Who’s Your Redheaded Youth Pastor? 

I’m from northern Minnesota where people are stoic and reserved. More walk. Less talk. In fact no talk is also fine and acceptable, often preferable. I’ve driven hours in a car with fellow Minnesotans, nobody saying a word the entire way. Complete comfort. Awkward silence is just called silence where I’m from. 

So when my small-town church hired a redheaded youth pastor from Texas, it threw a whole wrench in the system. He didn’t know the rules. Didn’t know you weren’t supposed to say what you were thinking, especially what you were feeling. That’s a double whammy. You could get thrown in jail for that. 

But nobody really told him because that isn’t something we would do. What we did do is collectively think this and keep it in the privacy of our own minds, where thoughts belong.

I’m sure glad we didn’t tell him either, because I’ll tell you what . . . when you’re in the 10th grade — having just committed social suicide by quitting ice hockey, with an identity up for grabs, and you’re learning the guitar and needing somebody to believe in you — then I’ve found that an expressive redheaded youth pastor from Texas is pretty much the best thing you could ask for. 

I only knew three chords and “Lord I Lift Your Name on High,” but he made me believe I was the next Eddie Van Halen. He saw something in me and made me feel it, too — that if I kept working hard, I had a shot at being a real musician. 

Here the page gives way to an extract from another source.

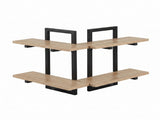 Artiss Set of 2 Floating Wall Shelf 2-Tier Wall-Mounted Display Ledge Wood & Metal FUR-AI-WLL-01-WD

I bring all this up because whoever you are and whatever you’re doing, it’s going to be incredibly difficult to make it out there without your own redheaded youth pastor from Texas. Someone who believes in you and knows you have what it takes. Preferably this person is not your mom. If you have or have had someone (and there can be many along the journey) I know you feel as fortunate as I do. But if you don’t, here’s to that person finding you soon, while in the meantime you keep working hard and honing your craft!

Love, 
Aaron

P.S. In a roundabout way, this is a thank-you note to Nathanael “Nato” Johnson for being there for me when I was 16.